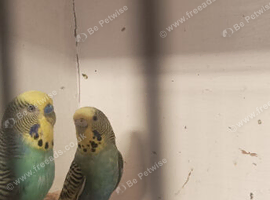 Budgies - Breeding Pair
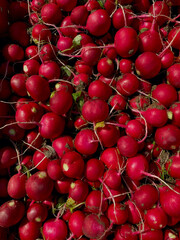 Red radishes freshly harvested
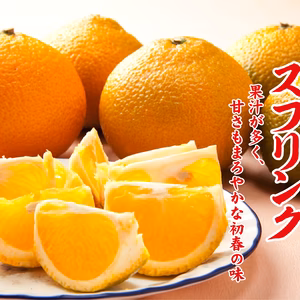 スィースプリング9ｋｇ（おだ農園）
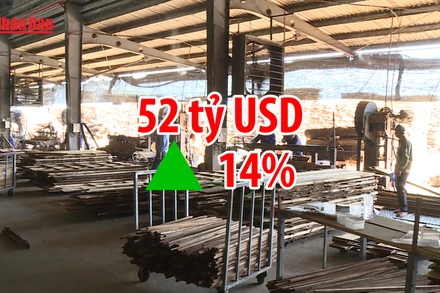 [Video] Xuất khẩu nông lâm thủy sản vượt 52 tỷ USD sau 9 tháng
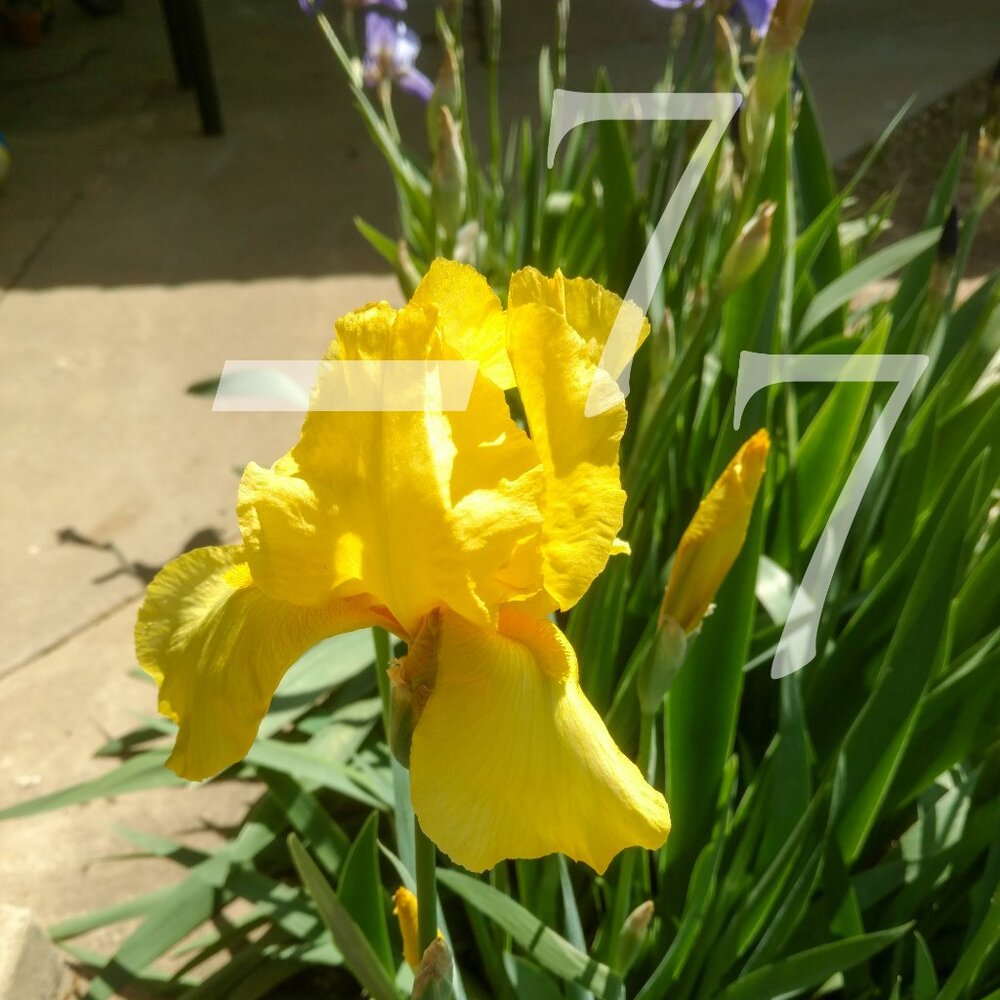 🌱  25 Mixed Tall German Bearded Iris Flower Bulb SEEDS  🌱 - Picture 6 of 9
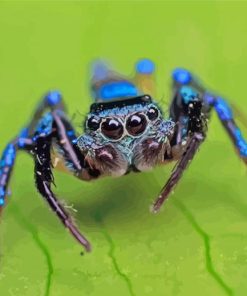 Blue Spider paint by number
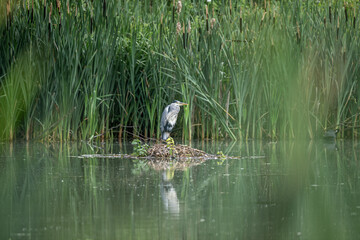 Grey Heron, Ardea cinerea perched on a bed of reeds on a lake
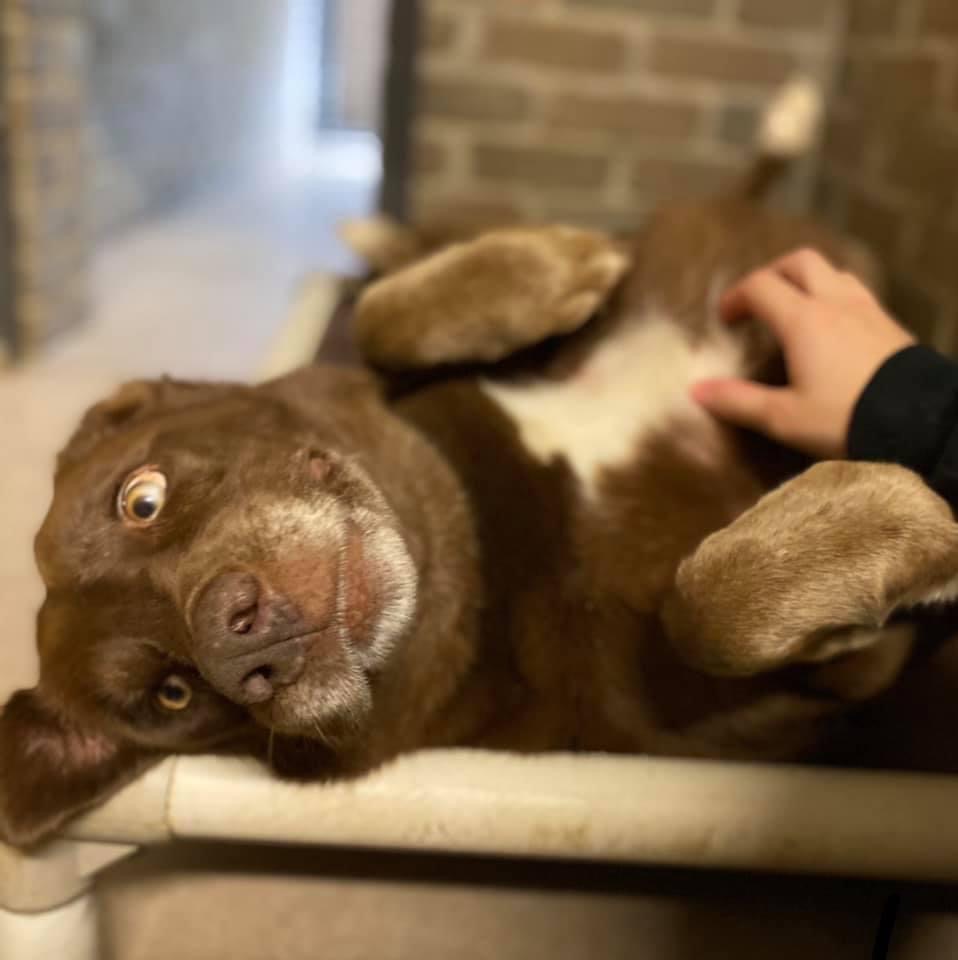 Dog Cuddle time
━━━━━━━━━━
▶ PROBLEM
Make an exact copy of the lines above, beginning with the line with "Red radishes freshly harvested" and ending with the line with "Grey Heron, Ardea", and keep the pictures out of it.

▶ WRITTEN REPLY
 Red radishes freshly harvested
 スィースプリング9ｋｇ（おだ農園）
 [Video] Xuất khẩu nông lâm thủy sản vượt 52 tỷ USD sau 9 tháng
 🌱  25 Mixed Tall German Bearded Iris Flower Bulb SEEDS  🌱 - Picture 6 of 9
 Blue Spider paint by number
 Grey Heron, Ardea cinerea perched on a bed of reeds on a lake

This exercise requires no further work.